Türkiye’de ortaya çıkıp birçok yabancı ülke ve örgütlerden de destek gören PKK (Kürdistan İşçi Partisi)
terör örgütünün 1980’lerdeki Marksist-Leninist yapılanması zamanla evrimleşmiştir. Şiddet yanlısı sosyalist bir ideolojiden, Guti ve Sümerlerin Kürt olduğunu ve Mezopotamya’nın üstün ırkından geldiklerini savunan aşırı Kürt milliyetçiliği öne çıkarılmış, Irak, İran,
Suriye ve Türkiye’yi içine alan geniş bir coğrafyanın Kürt hegemonyası altına alınması ve bu coğrafyanın etnik olarak tamamen Kürtleştirilmesi amaç edinilmiştir. Nazi anlayışının temel unsurlarından olan ‘üstün millet’ anlayışı PKK’da çok açık şekilde görülmektedir. Aşırı Kürt milliyetçiliğine kayan PKK ve alt kanat yapılanmaları özellikle üniformalılara karşı yapıyoruz deyip toplumun her kesiminden olanlara, bunlara
iş adamları, öğretmenler, doktorlar, avukatlar, öğrenciler,
kadınlar ve çocuklar dahil, karşı işledikleri
suç ve cinayetlerle Neo-Nazi örgütlerinden bir farklarının olmadığını kanıtlamışlardır. Alçakça planladıkları salıdırılarında sivillere karşı işledikleri cinayetlerin yanısıra adam kaçırma, gasp, haraca bağlama,
insan ve uyuşturucu kaçakçılığı vb suçlarla bilinen PKK, Avrupa’da tıpki Neo-Nazi Almanların yaptığı türden nefret cinayeti, cami ve işyeri kundaklama suçlarını gerçekleştirdiği de tespit edilmiştir. PKK sosyal sitelerde tıpki diğer Nazi örgütleri gibi milliyetçilik, demokratik haklar, belli bir gruba özel özgürlük ve duygusal-demagojik söylemlerle genç beyinleri etkilemekte,
kendi basın-yayın organlarıyla da propogandasını yapmaktadır. PKK’ya Avrupa’da psikolojik, politik ve finansal destek verenlerin Türk düşmanı aşırı milliyetçi Aryan grupların ve siyasetçilerin olması tesadüf değildir; aşırı sağ ideolojinin Avrupa’daki amaçları arasında Türkleri Avrupa’dan tecrit etmek vardır ve belli bir dini inanca bağlı olmadıkları yargısını yaratmış PKK’yı da Türkler üzerinde bir tehdit olarak kullanmaktadırlar.

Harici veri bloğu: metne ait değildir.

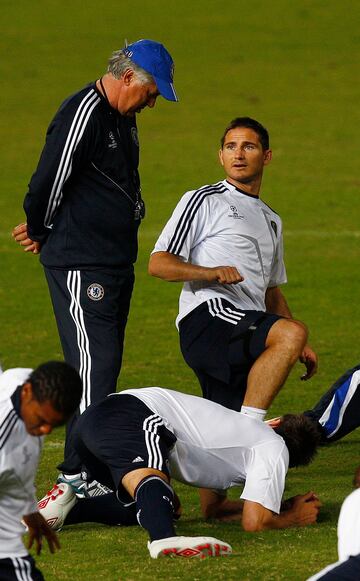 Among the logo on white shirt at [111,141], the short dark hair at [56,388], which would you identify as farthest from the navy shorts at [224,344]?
the short dark hair at [56,388]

Kürtlerle Türkler arasında komşuluk ve
kardeşlik ilişkileri açısından göze değer hiçbir sorunun olmadığı Türkiye’de, aşırı Kürt milliyetçiliğinin AB dışında diğer bazı emperyalist ülkeler tarafından da körüklendiği bilinmektedir. Terörizme
savaş açmak için okyanusun öte tarafından gelenlerin terörizmi yok etmek şöyle dursun yerine yenilerini yaratmaları ve PKK gibi örgütleri silahlandırmaları asıl amaçlarının çok farklı olduğunu göstermektedir.
Eğitim kampları Kuzey Irak’ta yani ABD’nin askeri şemsiyesi altında, finansal ve politik yapılanması ise Avrupa’da olan bu örgütün çok kısa sürede elimine edilmesinin önündeki en büyük engel batıdır. Nihat Erim gibi geçmişte bir başka radikal sosyalist
terör örgütü tarafından şehit edilmiş bir devlet büyüğümüzün
ABD büyükelçiliği tarafından gündeme getirilip ABD-Türk dostluğuna dem vurulması ‘zevzeklik ‘değil akıl almaz bir ikiyüzlülük ve tehditdir zira Nihat Erim’in şehit edilmesinden sonra bu ülkeye askeri rejim getirilmiştir.